Looking around the group that joined I see them not as who have aged to but who they all were to another lifetime ago. I can picture my Nene asking someone to help her get something from her car. Knowing full well she was suppose to bring one thing to the party and the back seat was full of platters as if she was cooking for hundreds of people or an army, Cheese borrege, Sarma, Dolma and cookies in-between the other trays. Then head to the kitchen with the platters where all the other ladies are making food for a party. I can see cousins running around playing with each other and now they are adults now. I see my grandfather with his nephews each one of them having a small coffee ,talking and maybe having a cigarette as well after the meal. Also they all share a cheeky grin with each other, I was always wondered if they were up to something but then again they were always smiling. And the younger version of uncles with father around the older gentlemen to but joking around and playing basketball at the same time. Then the ladies would seat down for a minute or two and share a cup of coffee as well, chatting life while holding little ones well. That's what I see another life in another time and yet in the present time too. I can smile about those memories and the memories forming currently.


Dear Marie, I wish you were here right now, in the kitchen the smell of your cooking floating our house. I wish you could tell me how to make all the recipes all over again. I wish I could see you walking in those rose pink slippers in the kitchen. I wish you tell me that we need a vacation to Las Vegas and party the night away. I wish you can tell me that I need to give you great-grand kids. I wish you would call me to explain my father's bookface post of the day to you. I wish I could be watching Big fat Greek Wedding for the one hundredth of time cuddling in bed. I wish I could hear you and Dede's love story one more time. I wish you were braiding my wet curly hair one more time and hear that lullable that you would sing each grand child to sleep. I wish you would be at my wedding, seeing grandbabies and to every special moment in my life. I wish the most to hear the words, " I won't worry and no never."

So, " Nene Don't worry , Don't forget me. Love you."


The unexpected part of life is time. Time can be pulled from us any second and I think sometimes we don't even realize it's happening at the same time of our presence. And if the past year has taught us Time can't be slowed down, even if we tired to make it slow down ,we can't. That we should do everything we desire to in this life, spend time with all of those in our hearts. Let things go, Fix things physically, emotionally with everyone that means the most to them. And Say things you want to say with your heart and soul because one day those words can never be spoken to those who needs to hear them. Never let time get ahead of you.
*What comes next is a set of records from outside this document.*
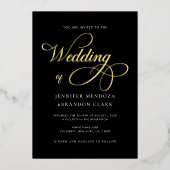 Klassische Gold Foil Calligraphie in einer Hochzei Folieneinladung (Vorderseite)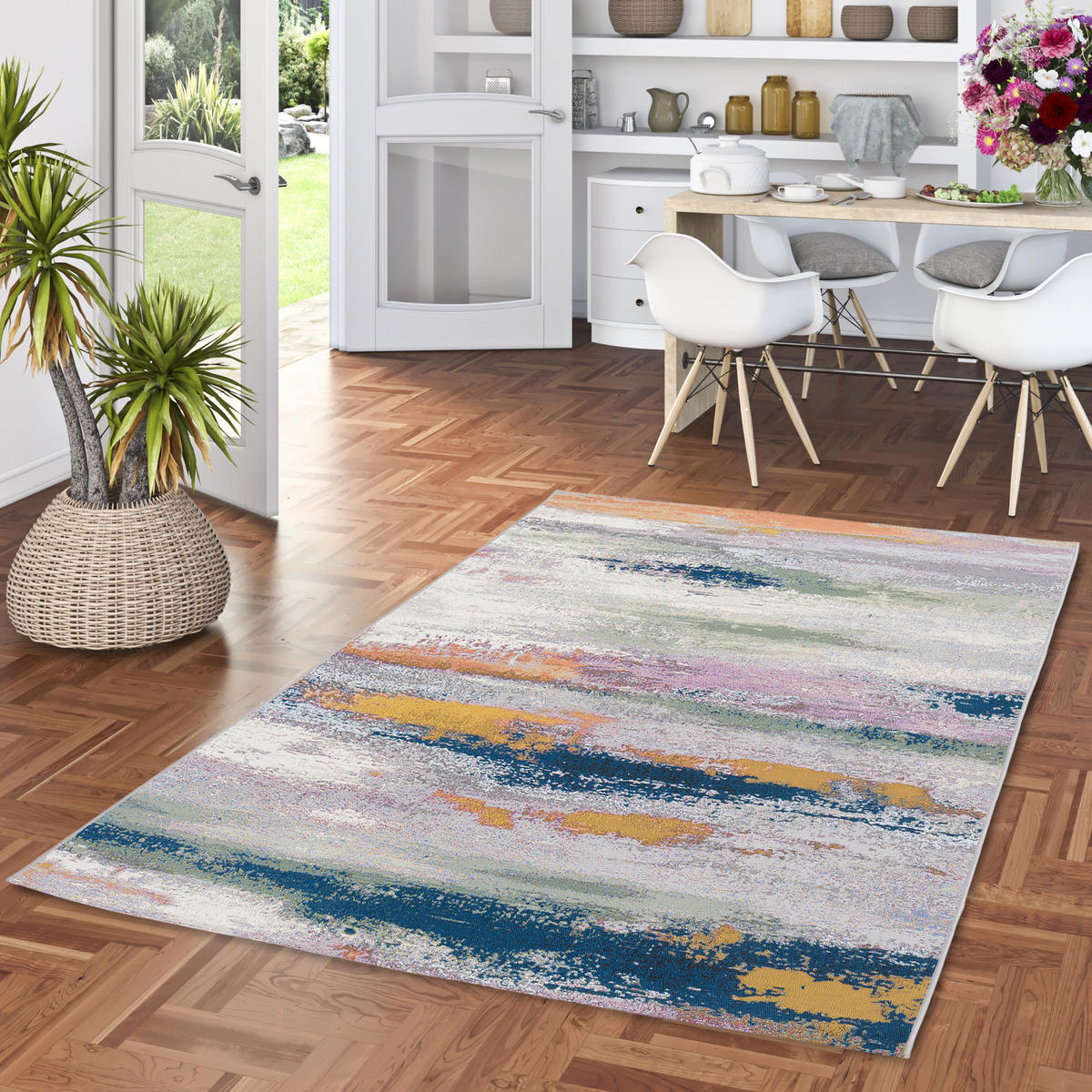 IN- UND OUTDOOR TEPPICH MALIBU - Petrol, Textil (80/150cm) - Pergamon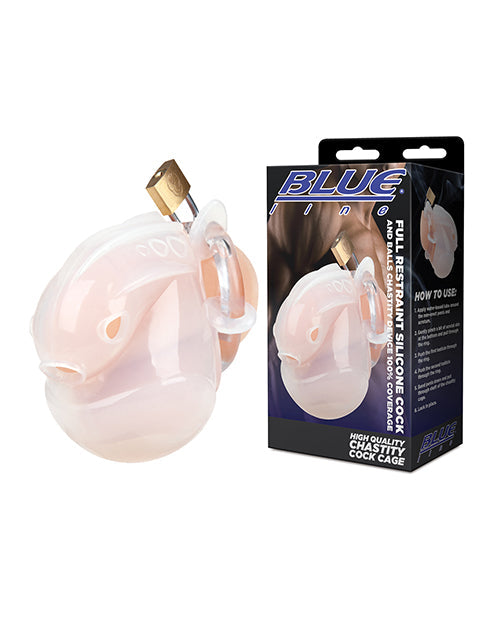 Blue Line Full Restraint Silicone Cock & Balls Chastity Device - 100% Coverage White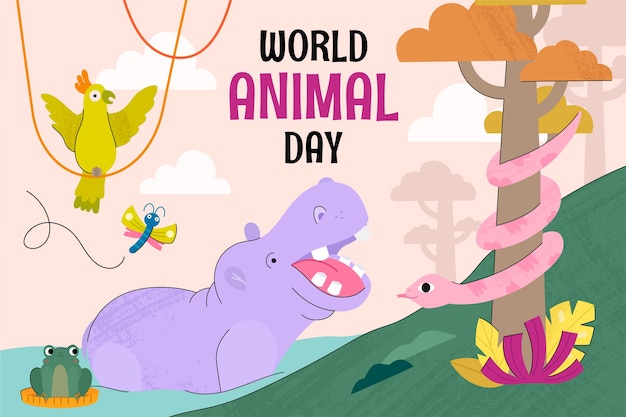 Fundo plano para celebração do dia mundial dos animais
Thank you for reading this, I hope you enjoyed it and I didn't bring anyone to tears. That wasn't my aim to but to share what's on my heart and a reminder that time can't be paused and make things count in life. And if you read my original post last year, I thank you. And if you haven't read it before, please do; I have it link down below. I think looking back at all of my other work as a whole I ever written in life her piece is one that can't be repeated by my hand or out written by anything else I write from now on, ( In my opinion at least ) and I put every fiber of my being into those words. I Just hope I did her justice as she showed love to everyone she knew or came by. And her presence is missed but I know she around in her own way.